Caption-style text data:

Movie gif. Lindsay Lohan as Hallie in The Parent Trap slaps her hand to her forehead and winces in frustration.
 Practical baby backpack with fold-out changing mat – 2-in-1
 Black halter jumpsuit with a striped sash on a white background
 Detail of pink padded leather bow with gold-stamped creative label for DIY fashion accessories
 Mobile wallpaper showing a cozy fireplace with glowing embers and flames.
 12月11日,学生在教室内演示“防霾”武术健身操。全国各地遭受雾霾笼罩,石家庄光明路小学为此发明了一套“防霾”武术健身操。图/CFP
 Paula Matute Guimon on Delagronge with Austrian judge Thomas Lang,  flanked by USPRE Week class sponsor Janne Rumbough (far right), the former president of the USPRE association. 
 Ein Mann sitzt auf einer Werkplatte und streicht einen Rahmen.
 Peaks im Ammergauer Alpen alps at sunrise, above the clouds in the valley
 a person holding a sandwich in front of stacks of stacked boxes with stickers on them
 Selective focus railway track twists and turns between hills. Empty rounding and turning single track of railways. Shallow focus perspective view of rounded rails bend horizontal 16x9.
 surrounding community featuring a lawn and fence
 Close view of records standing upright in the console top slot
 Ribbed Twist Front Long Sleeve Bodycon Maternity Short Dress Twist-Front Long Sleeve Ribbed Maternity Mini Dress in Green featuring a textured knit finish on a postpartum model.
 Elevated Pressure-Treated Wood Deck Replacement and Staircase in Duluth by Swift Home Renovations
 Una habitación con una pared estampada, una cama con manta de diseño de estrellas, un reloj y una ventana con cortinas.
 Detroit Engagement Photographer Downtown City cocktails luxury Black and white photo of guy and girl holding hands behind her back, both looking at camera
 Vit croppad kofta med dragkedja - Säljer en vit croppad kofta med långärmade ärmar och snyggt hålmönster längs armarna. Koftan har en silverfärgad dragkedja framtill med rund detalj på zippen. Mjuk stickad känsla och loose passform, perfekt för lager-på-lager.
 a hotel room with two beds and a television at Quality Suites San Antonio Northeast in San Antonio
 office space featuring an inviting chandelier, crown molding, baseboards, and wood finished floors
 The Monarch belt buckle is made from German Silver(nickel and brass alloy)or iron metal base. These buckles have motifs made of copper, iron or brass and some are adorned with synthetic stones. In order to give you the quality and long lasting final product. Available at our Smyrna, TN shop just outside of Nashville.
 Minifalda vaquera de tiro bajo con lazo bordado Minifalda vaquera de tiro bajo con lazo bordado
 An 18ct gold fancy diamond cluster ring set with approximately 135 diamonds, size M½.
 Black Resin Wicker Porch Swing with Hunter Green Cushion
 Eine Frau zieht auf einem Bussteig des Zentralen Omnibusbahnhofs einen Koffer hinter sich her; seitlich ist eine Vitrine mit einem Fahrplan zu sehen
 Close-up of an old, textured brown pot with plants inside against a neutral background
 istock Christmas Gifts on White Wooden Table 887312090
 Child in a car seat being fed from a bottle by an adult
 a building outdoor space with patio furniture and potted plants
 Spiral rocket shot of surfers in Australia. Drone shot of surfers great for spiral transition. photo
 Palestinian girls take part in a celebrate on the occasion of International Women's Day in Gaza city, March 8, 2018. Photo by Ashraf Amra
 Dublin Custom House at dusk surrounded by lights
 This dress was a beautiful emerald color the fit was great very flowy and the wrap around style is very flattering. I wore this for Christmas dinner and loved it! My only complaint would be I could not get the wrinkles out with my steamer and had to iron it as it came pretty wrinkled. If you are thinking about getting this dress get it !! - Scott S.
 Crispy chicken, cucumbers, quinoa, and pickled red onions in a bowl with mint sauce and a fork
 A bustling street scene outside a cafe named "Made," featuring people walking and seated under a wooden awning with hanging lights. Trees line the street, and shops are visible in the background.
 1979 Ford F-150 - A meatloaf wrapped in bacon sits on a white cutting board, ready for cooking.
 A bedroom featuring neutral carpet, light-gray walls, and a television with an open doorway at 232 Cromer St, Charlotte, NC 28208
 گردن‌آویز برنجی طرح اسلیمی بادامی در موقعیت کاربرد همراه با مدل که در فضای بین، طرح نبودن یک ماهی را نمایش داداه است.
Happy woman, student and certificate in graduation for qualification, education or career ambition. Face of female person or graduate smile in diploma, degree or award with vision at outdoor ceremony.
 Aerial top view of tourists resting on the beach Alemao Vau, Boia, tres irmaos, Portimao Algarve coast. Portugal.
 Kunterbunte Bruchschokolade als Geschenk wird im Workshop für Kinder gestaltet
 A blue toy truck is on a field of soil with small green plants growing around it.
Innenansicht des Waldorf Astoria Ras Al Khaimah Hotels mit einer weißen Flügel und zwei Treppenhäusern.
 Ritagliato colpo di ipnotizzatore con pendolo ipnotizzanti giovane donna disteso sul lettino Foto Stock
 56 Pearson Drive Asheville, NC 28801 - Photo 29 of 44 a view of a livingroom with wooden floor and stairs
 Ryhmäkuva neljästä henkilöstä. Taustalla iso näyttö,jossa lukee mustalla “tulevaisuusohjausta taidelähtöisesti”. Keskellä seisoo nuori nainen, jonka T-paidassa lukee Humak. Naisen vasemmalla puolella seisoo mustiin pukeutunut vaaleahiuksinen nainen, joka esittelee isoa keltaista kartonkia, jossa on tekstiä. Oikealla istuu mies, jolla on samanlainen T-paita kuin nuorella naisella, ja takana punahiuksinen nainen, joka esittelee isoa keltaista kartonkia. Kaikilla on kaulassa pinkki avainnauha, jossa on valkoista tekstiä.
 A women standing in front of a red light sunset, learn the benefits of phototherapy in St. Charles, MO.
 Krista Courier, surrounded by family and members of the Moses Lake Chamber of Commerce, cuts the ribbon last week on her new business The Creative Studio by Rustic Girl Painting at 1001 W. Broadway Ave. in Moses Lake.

▶ _Your goal_: Output the records in full. Match them exactly.

▶ _Expected answer_:
Movie gif. Lindsay Lohan as Hallie in The Parent Trap slaps her hand to her forehead and winces in frustration.
 Practical baby backpack with fold-out changing mat – 2-in-1
 Black halter jumpsuit with a striped sash on a white background
 Detail of pink padded leather bow with gold-stamped creative label for DIY fashion accessories
 Mobile wallpaper showing a cozy fireplace with glowing embers and flames.
 12月11日,学生在教室内演示“防霾”武术健身操。全国各地遭受雾霾笼罩,石家庄光明路小学为此发明了一套“防霾”武术健身操。图/CFP
 Paula Matute Guimon on Delagronge with Austrian judge Thomas Lang,  flanked by USPRE Week class sponsor Janne Rumbough (far right), the former president of the USPRE association. 
 Ein Mann sitzt auf einer Werkplatte und streicht einen Rahmen.
 Peaks im Ammergauer Alpen alps at sunrise, above the clouds in the valley
 a person holding a sandwich in front of stacks of stacked boxes with stickers on them
 Selective focus railway track twists and turns between hills. Empty rounding and turning single track of railways. Shallow focus perspective view of rounded rails bend horizontal 16x9.
 surrounding community featuring a lawn and fence
 Close view of records standing upright in the console top slot
 Ribbed Twist Front Long Sleeve Bodycon Maternity Short Dress Twist-Front Long Sleeve Ribbed Maternity Mini Dress in Green featuring a textured knit finish on a postpartum model.
 Elevated Pressure-Treated Wood Deck Replacement and Staircase in Duluth by Swift Home Renovations
 Una habitación con una pared estampada, una cama con manta de diseño de estrellas, un reloj y una ventana con cortinas.
 Detroit Engagement Photographer Downtown City cocktails luxury Black and white photo of guy and girl holding hands behind her back, both looking at camera
 Vit croppad kofta med dragkedja - Säljer en vit croppad kofta med långärmade ärmar och snyggt hålmönster längs armarna. Koftan har en silverfärgad dragkedja framtill med rund detalj på zippen. Mjuk stickad känsla och loose passform, perfekt för lager-på-lager.
 a hotel room with two beds and a television at Quality Suites San Antonio Northeast in San Antonio
 office space featuring an inviting chandelier, crown molding, baseboards, and wood finished floors
 The Monarch belt buckle is made from German Silver(nickel and brass alloy)or iron metal base. These buckles have motifs made of copper, iron or brass and some are adorned with synthetic stones. In order to give you the quality and long lasting final product. Available at our Smyrna, TN shop just outside of Nashville.
 Minifalda vaquera de tiro bajo con lazo bordado Minifalda vaquera de tiro bajo con lazo bordado
 An 18ct gold fancy diamond cluster ring set with approximately 135 diamonds, size M½.
 Black Resin Wicker Porch Swing with Hunter Green Cushion
 Eine Frau zieht auf einem Bussteig des Zentralen Omnibusbahnhofs einen Koffer hinter sich her; seitlich ist eine Vitrine mit einem Fahrplan zu sehen
 Close-up of an old, textured brown pot with plants inside against a neutral background
 istock Christmas Gifts on White Wooden Table 887312090
 Child in a car seat being fed from a bottle by an adult
 a building outdoor space with patio furniture and potted plants
 Spiral rocket shot of surfers in Australia. Drone shot of surfers great for spiral transition. photo
 Palestinian girls take part in a celebrate on the occasion of International Women's Day in Gaza city, March 8, 2018. Photo by Ashraf Amra
 Dublin Custom House at dusk surrounded by lights
 This dress was a beautiful emerald color the fit was great very flowy and the wrap around style is very flattering. I wore this for Christmas dinner and loved it! My only complaint would be I could not get the wrinkles out with my steamer and had to iron it as it came pretty wrinkled. If you are thinking about getting this dress get it !! - Scott S.
 Crispy chicken, cucumbers, quinoa, and pickled red onions in a bowl with mint sauce and a fork
 A bustling street scene outside a cafe named "Made," featuring people walking and seated under a wooden awning with hanging lights. Trees line the street, and shops are visible in the background.
 1979 Ford F-150 - A meatloaf wrapped in bacon sits on a white cutting board, ready for cooking.
 A bedroom featuring neutral carpet, light-gray walls, and a television with an open doorway at 232 Cromer St, Charlotte, NC 28208
 گردن‌آویز برنجی طرح اسلیمی بادامی در موقعیت کاربرد همراه با مدل که در فضای بین، طرح نبودن یک ماهی را نمایش داداه است.
Happy woman, student and certificate in graduation for qualification, education or career ambition. Face of female person or graduate smile in diploma, degree or award with vision at outdoor ceremony.
 Aerial top view of tourists resting on the beach Alemao Vau, Boia, tres irmaos, Portimao Algarve coast. Portugal.
 Kunterbunte Bruchschokolade als Geschenk wird im Workshop für Kinder gestaltet
 A blue toy truck is on a field of soil with small green plants growing around it.
Innenansicht des Waldorf Astoria Ras Al Khaimah Hotels mit einer weißen Flügel und zwei Treppenhäusern.
 Ritagliato colpo di ipnotizzatore con pendolo ipnotizzanti giovane donna disteso sul lettino Foto Stock
 56 Pearson Drive Asheville, NC 28801 - Photo 29 of 44 a view of a livingroom with wooden floor and stairs
 Ryhmäkuva neljästä henkilöstä. Taustalla iso näyttö,jossa lukee mustalla “tulevaisuusohjausta taidelähtöisesti”. Keskellä seisoo nuori nainen, jonka T-paidassa lukee Humak. Naisen vasemmalla puolella seisoo mustiin pukeutunut vaaleahiuksinen nainen, joka esittelee isoa keltaista kartonkia, jossa on tekstiä. Oikealla istuu mies, jolla on samanlainen T-paita kuin nuorella naisella, ja takana punahiuksinen nainen, joka esittelee isoa keltaista kartonkia. Kaikilla on kaulassa pinkki avainnauha, jossa on valkoista tekstiä.
 A women standing in front of a red light sunset, learn the benefits of phototherapy in St. Charles, MO.
 Krista Courier, surrounded by family and members of the Moses Lake Chamber of Commerce, cuts the ribbon last week on her new business The Creative Studio by Rustic Girl Painting at 1001 W. Broadway Ave. in Moses Lake.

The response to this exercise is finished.